I have traveled both ways – and as a former flight attendant (4 years in the 80’s) – have experienced back pack to Luxury – and both are very rewarding for very different reasons. Luxury is the way to go on trips of a life time or traveling with multi generations in your family – Just spent 2 weeks in Tanzania on a luxury tour (with four children ages 8 – 12 and their father) the plus, the other travelers on the trip were great company and very like minded, the accommodations were more than welcome after a day in the dusty bush, and we were safe – even when lions slept under our “tented suites” and elephants were outside our windows in the morning eating the leaves off the trees. Also, if you are traveling with your children, the Luxury route for family travel is most wonderful – as there are built in companions for your children at meal times – and the activities provided by the tour companies are geared for entertainment and cultural experiences. Or perhaps my experience was with The Right Tour Company. Happy to share the name if you ask.
I have also traveled to London many times with a single girl friend – we often book everything our selves – my experience is in a large European or American city, when one of you knows the language is easier to do on the inexpensive self guided trip – if you do enough research and know the general idea of what you want to see, and remain flexible and open to going off the planned schedule and beaten path. I never would have learned how to drive on the other side of the road, with a stick shift through the British Isles on a Luxury tour.
I completely agree with Jane, she stated the facts beautifully regarding why people such as myself & my clients choose luxury travel over budget. It’s about quality not quantity & the experience to be had.
I’d much rather travel like a human than luggage! This is what I tell my existing/potential clients as I am a travel club rep. for the world’s largest travel & entertainment discount club. In the end they all tend to agree with me.
Luxury travel is great guys! No waiting, just comfort and style…
I’m a distributor for a well known global travel club and I’ve traveled both ways. From my experience luxury travel is the best way to go and all of our members highly agree.
If one travels like luggage, this will not encourage one to travel this way again or even possibly avoid that particular destination in the future.
I’m all for spending a little money when it will improve my experience — you’d really spend an extra four hours on the local bus to save ten bucks on the express?
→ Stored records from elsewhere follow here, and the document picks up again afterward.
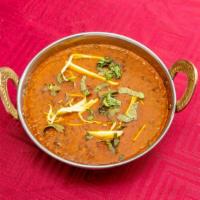 Daal Makhani · Vegetarian. Black lentils with tomato flavored sauce. Served with basmati rice.Vegan option ...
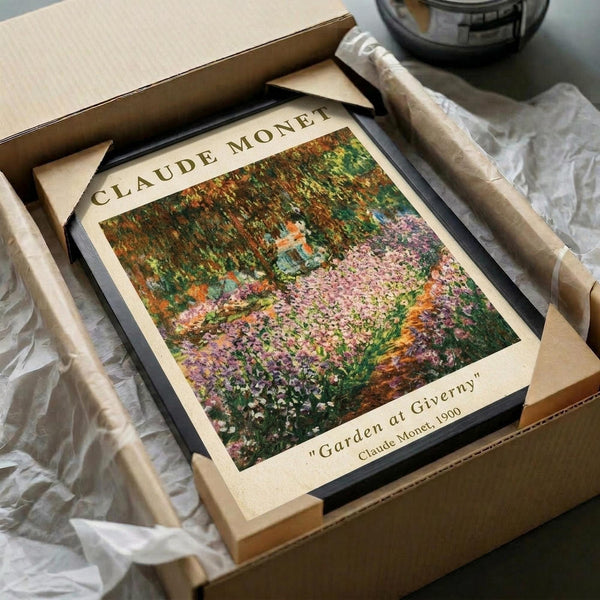May include: Framed art print of Claude Monet's impressionist garden painting featuring vibrant purple, pink and green flowering plants beneath drooping willow trees. The cream-colored print with black frame sits in an open cardboard shipping box with white tissue paper, next to wrapped cylindrical items on a neutral surface.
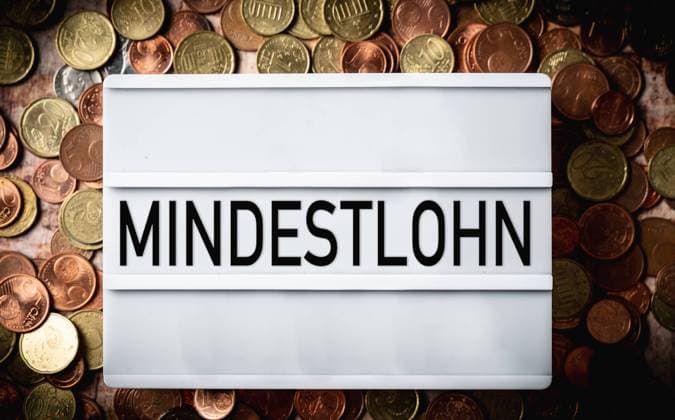 27 February 2022: minimum wage in Germany, light box with inscription minimum wage more money with euro coins FOTOMOTNAGE *** Mindestlohn in Deutschland, Licht Box mit der Aufschrift Mindest Lohn mehr Geld mit Euro Münzen FOTOMOTNAGE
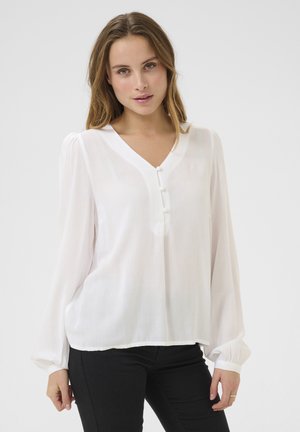 Blouse blanche avec un col en V, des manches longues bouffantes et trois boutons sur le devant. Fabriquée dans un tissu léger et translucide. Texture lisse.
Really?
And I’m a few years past staying in the dorm rooms in the hostels. But I have a better time staying in the private rooms at nice hostels than I do staying at luxury chain hotels, even now that I can afford the chain hotels. I love meeting and talking with other budget travelers. I don’t obsess about every penny or brag about how cheaply I can exist on nothing but dry ramen noodles, and I’ll buy a plane ticket rather than lose days of travel time.
It’s all about the experience. You’ll never catch me on a cruise or being herded on and off a tour bus with a bunch of other tourists. I will pay for something amazing or unique, or for a hot shower and a private bathroom. But I’m not paying $300 for a hotel room in a country where I know I could get something perfectly comfortable for $30.
It is all about yourself. What are YOU comfortable with? I can be a minimalist, spend my time touring the streets, eating local, go home knowing I have experienced the culture, not the rip off tourist buzz.
I think the article misses a key point. Alot of people have no other option than to travel on a tight budget. I’m a student, and trust me it would be nice to have a trip spent in nice hotels, drinking cocktails and eating in the best resturants. but in order to see a country for an extended period of time I need to stick to a budget.
I would say that this also differentiates those travelling for short periods as opposed to longer periods. short periods can lend themselves to luxury much easier.
It all depends on what you want to get out of your experience. If you are looking to eat some good food, see some cool sights and relax, luxury travel is for you. If you are looking for something deeper, learning what it’s like to live as someone from a different nation then Budget travel is better. Eating the street food, taking locals transportation and sleeping in hostels will provide you with a whole different perspective on a place than luxury travel. I often find myself discussing the misadventures of travel more often than how beautiful the Eiffel Tower or how Plush my pillow was after I return from a journey. Luxury travel makes u more sad when you return because you miss the good life. Budget travel makes you happier upon return because you can better appreciate the luxury’s of home once you have given them up for awhile. Sorry to plug my blog but I recently wrote an interesting article about taking local transport in Vietnam…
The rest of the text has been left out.